In 1955, there was another shift upwards for the family, significantly to another council home but this at 20 Forthlin Road in the leafy suburb of Allerton. His mother, a midwife, needed access to the phone which their new home afforded though, tragically, she was to die just one year later.

Forthlin Road, fans outside no. 20
Though not unreasonably described as ‘extremely modest’ by Historic England who listed it Grade II in 2012, this is a good council house, built, in 1949, just as Nye Bevan was insisting that council housing be built to the highest standards. (6) Downstairs, there was a living room, dining room, kitchen with a small extension to the rear which still contained an outside toilet. Upstairs, you’ll find – and you can see all this as the home was purchased by the National Trust in 1995 – three bedrooms and a bathroom with toilet. This was a comfortable family home in an unashamedly suburban setting. Further down the road, there are some three-storey council flats placed around a large open green.

Forthlin Road flats
Other than its cultural association (around one hundred Beatles songs were composed within its walls), all this is profoundly unremarkable unless you take time to consider that it symbolises in some ways the best of an era when the state built on a massive scale to decently house its people. The McCartneys lived there till 1965.
John Lennon lived about twenty minutes away at 251 Menlove Avenue in Woolton.
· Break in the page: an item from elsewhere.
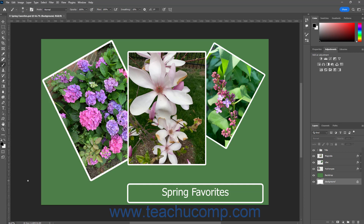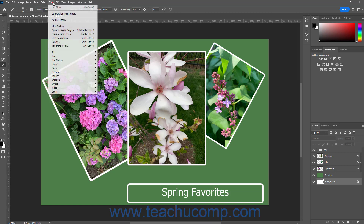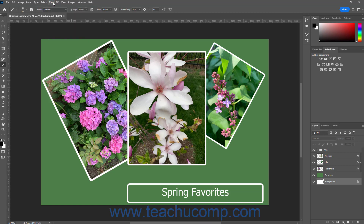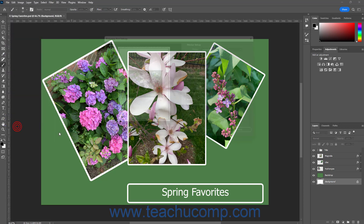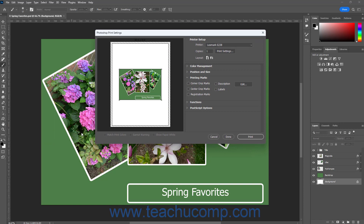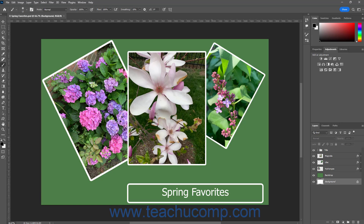Photoshop provides you with many tools to help you perfect your photos and digital art. Photographers may find the image editing features and filters the most useful. Printers may use the color management and print settings the most. However you use it in your workflow, Photoshop has many tools, options, and plugins to support your digital creative work.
This was a semi-detached house, built in the 1930s, with all the accoutrements that the middle class required to differentiate it from the plainer Corporation housing of the working class. To begin with, it had a name (‘Mendips’) not a number, and then there are the large bay windows and front porch with their leaded, stained glass. The internal layout, apart from the ‘morning room’ which complemented the two ‘reception rooms’ on the ground floor isn’t too dissimilar from Paul’s home but there’s no mistaking that, socially, this was a distinct notch above. (7)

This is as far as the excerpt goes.